# Functional Programming – a Quick and Dirty Introduction

### What is Functional Programming?

Functional Programming is, despite its newfound popularity in recent times, a rather old programming paradigm. What exactly constitutes Functional Programming is a surprisingly difficult concept to explain today. Part of the reason why that is so is because of the fact that almost every language tends to do things in its own way and call it “functional”, and even developers tend to use the term for a wide variety of situations. In a sense, it has been reduced to a mere buzzword. Ultimately, there is no real consensus as to what exactly Functional Programming is. In this blog, I will try and give my own perspective on the whole situation and try and make sense of this highly messy situation we find ourselves in today.

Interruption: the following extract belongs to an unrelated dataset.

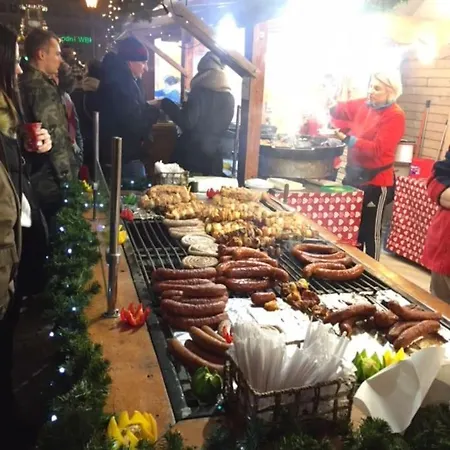 Rynek Pod Fredra Appartamento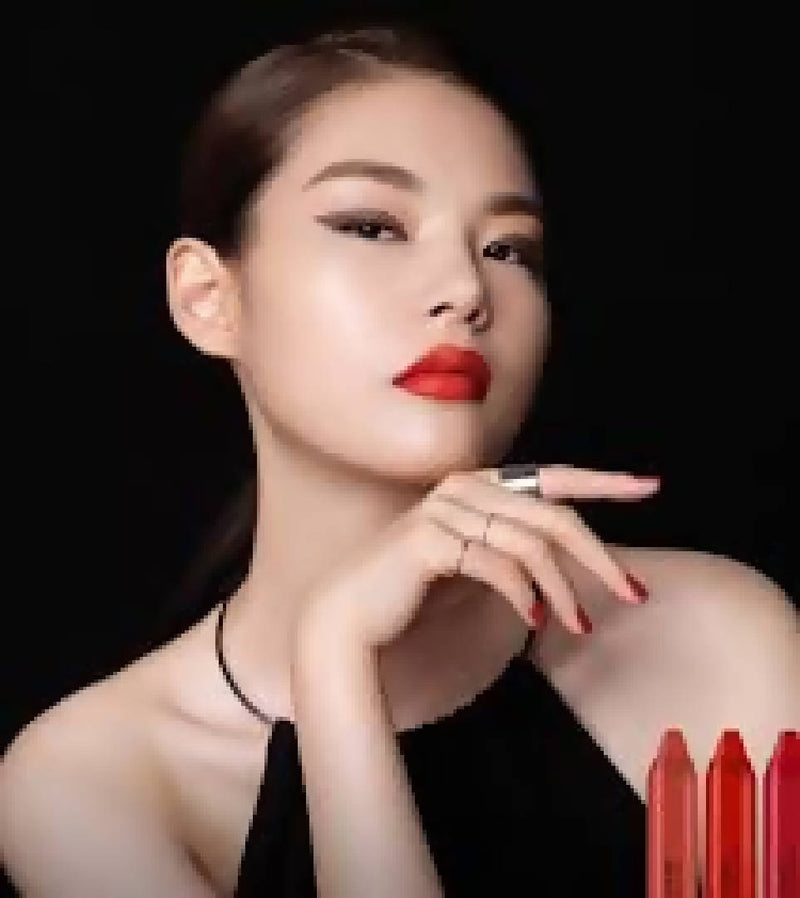 Son & Park Lips Crayon Stick - Colour 30 Peach Crush | Award Winning Korean Beauty Brand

Functional Programming is, historically speaking, considered to be a paradigm of programming in which programming is done using only functions. What do we mean by function? We, of course, mean mathematical functions. A function in mathematics is a mapping of each value taken from a set of values (called the Domain of the function) to a unique value in another set (which may be the same set, and which is called the Range of the function). There are various types of functions – bijective, injective, surjective, identity, constant, empty, etc. However, we need not bother ourselves with the distinction. The only important bit to remember is that all functions (whatever sub-type they may be) have the following two essential properties:

• Each element in the Range set is used for “mapping”
• Each such element in the Range had a unique value in the Range

For instance, suppose we have $f(x) = sin(x)$, $f(x)$ here defines a function. Let us plot for this function to better understand this function:

Here we have plotted the graph for the $f(x)$ using Wolfram Alpha. The function is clearly periodic (in fact, it has a period of 2π radians), and we can clearly see from the graph that the Domain is the set of all real numbers, and the Range is the set of real numbers in the bounded range [-1, 1]. It is easy to see that both the constraints incumbent upon a function are fulfilled – each real number in the Domain is used (continuous curve), and each real number in the Domain has a unique value in the Domain (single curve). Note that two elements in the Domain may have the same value in the Range. There is no restriction on that. So just why are we flogging this horse to death? Well, it’s because it is vitally important to unambiguously understand what a function is and what it is not. A lot of times, people mistake a relation for a function. A relation is a superset of a function. A relation may map the same element in the Domain to multiple elements in the Range. For instance, the relation “is a son of” is a Relation and not a Function. This is because a person is the son of both his mother as well as his father. What we’re interested in in Functional Programming is the concept of a function.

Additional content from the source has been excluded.